Thank you Lars! Two brief replies:
1. Thanks to you and Birgitte for the clarification about Wikidata. It's looks
like that isn't the place to go, but on the other hand what has been suggested
here about Mediawiki supporting TEI in the future could open a lot of doors. I
would really like to know where to go and who is involved in that.
>I personally think that simple scanning and proofreading is
>the activity where we can most easily grow Wikisource. Since
>the job is mostly non-intellectual, many people can be
>instructed to help, without creating edit wars...
>Translation or scholarly
>editing requires more coordination and takes more time for
>a larger work than the sum of the parts.
2. It's important to emphasize that what I was writing about wasn't something
theoretical, but something that has already been happening for years at Hebrew
Wikisource. We have been doing both critical editions and scholarly editing,
have had much fruitful discussion and collaboration, and never even once has
there ever been an edit war. Work on projects like these is indeed slower than
the process of scanning and proofreading, but the final product is often a much
more valuable contribution to the public. (The public domain scan was already
available anyway.

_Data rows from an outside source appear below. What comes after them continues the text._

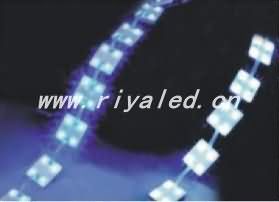 LED-Modul _RY-MZ-024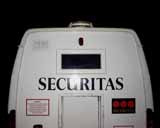 Securitas Photo 02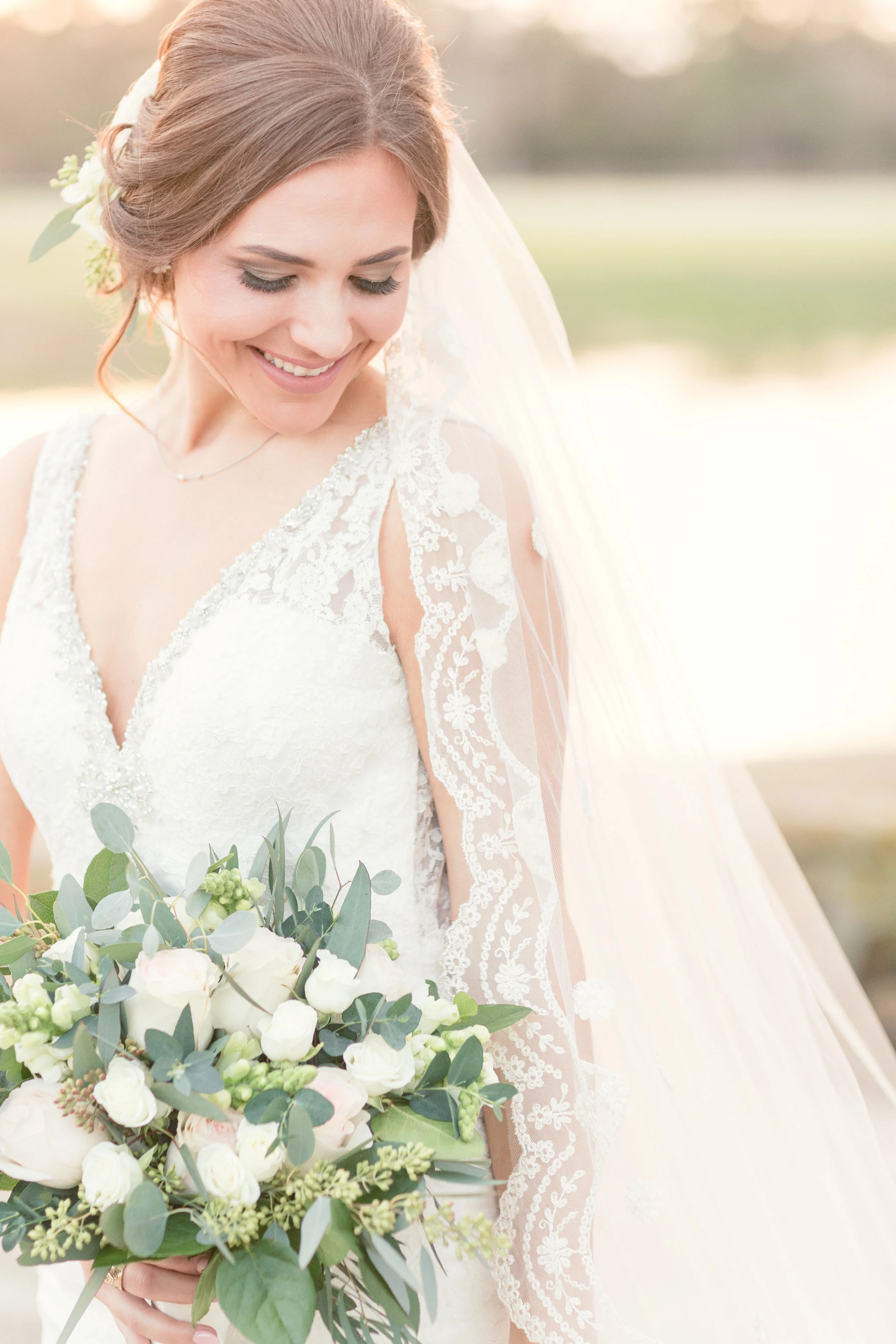 RachelScott_093.jpg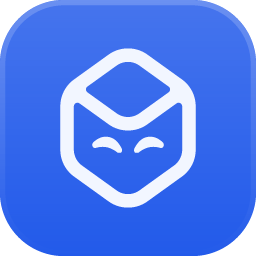 Dropship.io logo — Ecommerce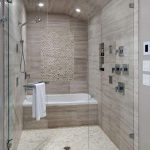 bathroom styles 16 awesome diy home decor rustic ideas in 2017 AHELDUY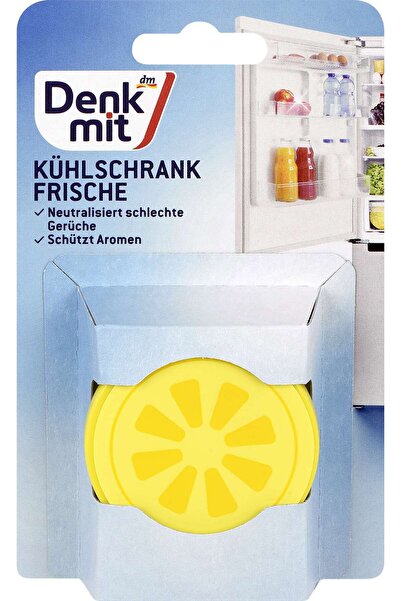 OEM Odorizant pentru frigider, 1 buc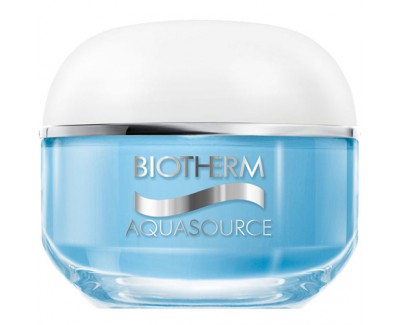 Krem hidratues Biotherm 50 ml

But where once a reliable edition was copyrighted and
unavailable, now an even better edition is available online under a free
license!)
I would suggested learning from our experience, and looking at your own
Wikisource with a generous eye that values many different types of
collaboration on texts towards building a useful free library for the public.
While you and others are proofreading, be appreciative at the same time towards
others who are editing in other ways.